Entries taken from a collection
**********

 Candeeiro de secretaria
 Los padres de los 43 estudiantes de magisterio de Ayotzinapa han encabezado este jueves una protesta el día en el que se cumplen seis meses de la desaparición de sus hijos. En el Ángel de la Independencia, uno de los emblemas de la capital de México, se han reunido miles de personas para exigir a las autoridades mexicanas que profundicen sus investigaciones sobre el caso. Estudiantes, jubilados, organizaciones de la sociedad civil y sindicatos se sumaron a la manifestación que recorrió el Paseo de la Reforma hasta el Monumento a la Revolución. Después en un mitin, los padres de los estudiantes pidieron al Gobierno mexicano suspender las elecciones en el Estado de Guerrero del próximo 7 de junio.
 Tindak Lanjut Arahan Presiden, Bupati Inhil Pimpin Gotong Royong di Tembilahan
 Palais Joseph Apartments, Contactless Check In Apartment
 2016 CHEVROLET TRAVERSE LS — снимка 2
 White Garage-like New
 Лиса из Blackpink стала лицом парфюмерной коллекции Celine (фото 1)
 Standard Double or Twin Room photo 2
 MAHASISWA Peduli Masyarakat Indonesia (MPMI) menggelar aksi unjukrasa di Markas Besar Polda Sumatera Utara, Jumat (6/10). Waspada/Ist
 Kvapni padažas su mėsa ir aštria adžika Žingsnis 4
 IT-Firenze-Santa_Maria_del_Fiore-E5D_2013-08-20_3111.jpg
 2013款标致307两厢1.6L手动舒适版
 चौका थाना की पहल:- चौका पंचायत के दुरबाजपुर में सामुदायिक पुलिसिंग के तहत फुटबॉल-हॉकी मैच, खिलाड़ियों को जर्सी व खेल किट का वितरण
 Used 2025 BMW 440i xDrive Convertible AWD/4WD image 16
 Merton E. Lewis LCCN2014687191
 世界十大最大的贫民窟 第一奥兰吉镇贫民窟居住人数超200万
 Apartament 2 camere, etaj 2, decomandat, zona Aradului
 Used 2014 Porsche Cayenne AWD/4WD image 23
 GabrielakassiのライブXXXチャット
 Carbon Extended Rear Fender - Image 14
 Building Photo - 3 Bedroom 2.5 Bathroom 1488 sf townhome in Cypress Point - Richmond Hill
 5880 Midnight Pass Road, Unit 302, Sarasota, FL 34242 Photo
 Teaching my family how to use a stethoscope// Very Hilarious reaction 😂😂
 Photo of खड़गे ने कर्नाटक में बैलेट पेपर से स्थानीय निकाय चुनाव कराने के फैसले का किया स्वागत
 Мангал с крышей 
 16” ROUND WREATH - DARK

**********

Would you retype exactly the lines above, from the line with "Palais Joseph Apartments, Contactless" to the line with "Standard Double or Twin Room photo 2", with both end lines kept and nothing more?

 Palais Joseph Apartments, Contactless Check In Apartment
 2016 CHEVROLET TRAVERSE LS — снимка 2
 White Garage-like New
 Лиса из Blackpink стала лицом парфюмерной коллекции Celine (фото 1)
 Standard Double or Twin Room photo 2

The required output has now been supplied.